AMY GOODMAN: As we wrap up, I just wanted to ask about John Kiriakou, Ray McGovern.

RAY McGOVERN: Yeah. Well, it’s the supreme irony that the only CIA official who actually exposed the torture regime, and inadvertently let slip the name of one of the torturers, who can be found in northern Virginia—I’ll give you his telephone number and address, if you like—he’s 30 months in a federal penitentiary. So—

AMY GOODMAN: Not the torturer, but the person who exposed him.

RAY McGOVERN: But the fellow who revealed the torturer. So, you know, if you want to be cynical or you want to repeat what Mike has said about showing this object lesson, they put him under indictment for violating the Espionage Act of 1917, which was designed for German spies, you know, to get German spies. And here, they threw the book at him. And he did a plea bargain where he got off late with 30 months. He’s got five kids, OK? He lives about two miles away from me. And he’s put away for 30 months, about halfway through his sentence. So, that’s what happens.

AMY GOODMAN: Because he explained what the context was?

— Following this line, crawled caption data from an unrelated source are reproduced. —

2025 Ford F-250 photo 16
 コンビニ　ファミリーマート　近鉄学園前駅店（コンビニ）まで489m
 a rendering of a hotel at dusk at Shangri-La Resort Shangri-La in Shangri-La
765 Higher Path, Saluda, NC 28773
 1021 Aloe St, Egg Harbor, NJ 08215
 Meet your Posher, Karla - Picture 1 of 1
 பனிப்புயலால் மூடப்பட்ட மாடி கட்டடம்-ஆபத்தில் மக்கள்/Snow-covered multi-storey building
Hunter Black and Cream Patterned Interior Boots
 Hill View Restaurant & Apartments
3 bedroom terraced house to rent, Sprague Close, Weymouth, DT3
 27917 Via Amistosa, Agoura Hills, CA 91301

RAY McGOVERN: Yeah, he said that waterboarding was going on and that it was torture. And then he said, by the—well, they charged him with giving the name of one of the torturers to the press. That—

AMY GOODMAN: And where was that torturer? Where did he engage in the torture?

RAY McGOVERN: He was kind of a super—a torture supervisor, you know, like a GS-15 torture supervisor—sorry. So, you know, he was very much involved in it. But, you know, one of the other ironies is his name never came out in the press. It was just given to one correspondent, and they got that from all these technical means that we’ve been talking about. And so, Kiriakou made one small mistake in that he gave it to a person who wasn’t very safe in guarding the information, and so they threw the book at him. They wanted to put him away for like 35 years, like they wanted to put Tom Drake away. He plea-bargained, and so he got off light with 30 months.

AMY GOODMAN: And so he’s in prison today.


AMY GOODMAN: And the most important lesson you learned, Julia, in researching Dragnet Nation?

JULIA ANGWIN: What I learned was basically that there’s some things we can do ourselves, but in fact, if we really want to curb ubiquitous surveillance, the most important thing we need, actually, is we need some rights. We need due process for our data, because right now, when it’s used against us secretly, we often don’t know. We never see it, and we don’t have a right to challenge it. And I think that that’s not fair.

AMY GOODMAN: I want to thank you all for being with us. Mike German, longtime FBI agent. Julia Angwin, her new book is called Dragnet Nation: A Quest for Privacy, Security, and Freedom in a World of Relentless Surveillance. And thanks so much to Ray McGovern, former CIA analyst who recently returned from Russia, where he presented Edward Snowden with an award. That does it for this broadcast. I’m Amy Goodman, with Nermeen Shaikh.